The SendToPrinter method accepts two arguments: the local or network name of the printer and, optionally, a parameter list adjusting the appearance of the printout. If the printer name is set to null (C#) or Nothing (VB.NET), the default printer name for the current machine is used.

The print quality is determined by the resolution of the image being printed. It is therefore recommended that the ResolutionX and ResolutionY parameters to the ToImage method be set to at least 300 or, better yet, 600.

By default, the SendToPrinter method prints the image as it is, without stretching it. If the parameter Stretch is set to True, the image is stretched to cover the entire print area. Additionaly, you can use the parameters ScaleX and ScaleY to scale the image up or down. For example, the values "ScaleX = 0.5; ScaleY= 0.5" scales the image down by 50%.

The following code sample sends page 2 of c:\path\document.pdf to the printer. The image is stretched to cover the entire print area.
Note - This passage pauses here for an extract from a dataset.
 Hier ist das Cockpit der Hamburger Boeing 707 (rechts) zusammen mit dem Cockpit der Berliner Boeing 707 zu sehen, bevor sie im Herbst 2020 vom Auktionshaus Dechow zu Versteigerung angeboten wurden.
PdfManager objPDF = new PdfManager();
PdfDocument objDoc = objPDF.OpenDocument(@"c:\path\document.pdf");
PdfPage objPage = objDoc.Pages[2];
PdfPreview objPreview = objPage.ToImage("ResolutionX=600; ResolutionY=600");

objPreview.SendToPrinter(@"\\192.168.1.2\HP LaserJet 6P", "Stretch=true");
Dim objPDF As PdfManager = New PdfManager()
Dim objDoc As PdfDocument = objPDF.OpenDocument("c:\path\document.pdf")
Dim objPage As PdfPage = objDoc.Pages(2)
Dim objPreview = objPage.ToImage("ResolutionX=600; ResolutionY=600")
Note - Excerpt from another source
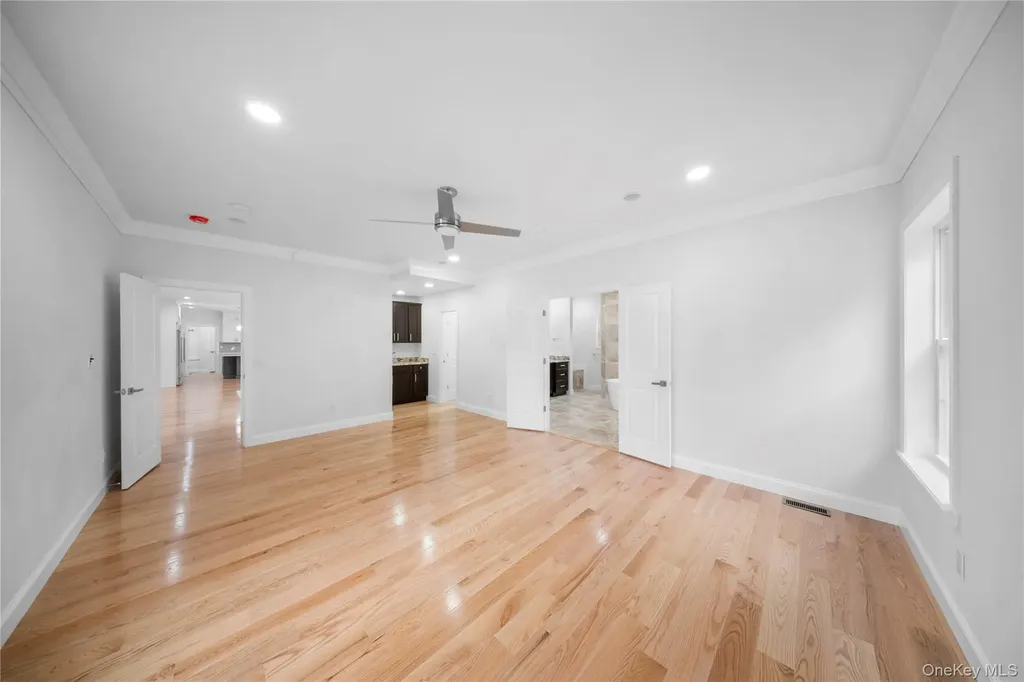 4 Coventry Court Wheatley Heights NY 11798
objPreview.SendToPrinter( "\\192.168.1.2\HP LaserJet 6P", "Stretch=true" )

You may encounter the error "Access is denied" when attempting to send the image to a network printer. To avoid the error, you need to impersonate an interactive user account with the LogonUser method of the PdfManager object, as follows:

...
objPDF.LogonUser( "domain", "username", "password" );
objPreview.SendToPrinter( @"\\192.168.1.2\HP LaserJet 6P", "Stretch=true" );
...
objPDF.LogonUser( "domain", "username", "password")
objPreview.SendToPrinter( "\\192.168.1.2\HP LaserJet 6P", "Stretch=true" )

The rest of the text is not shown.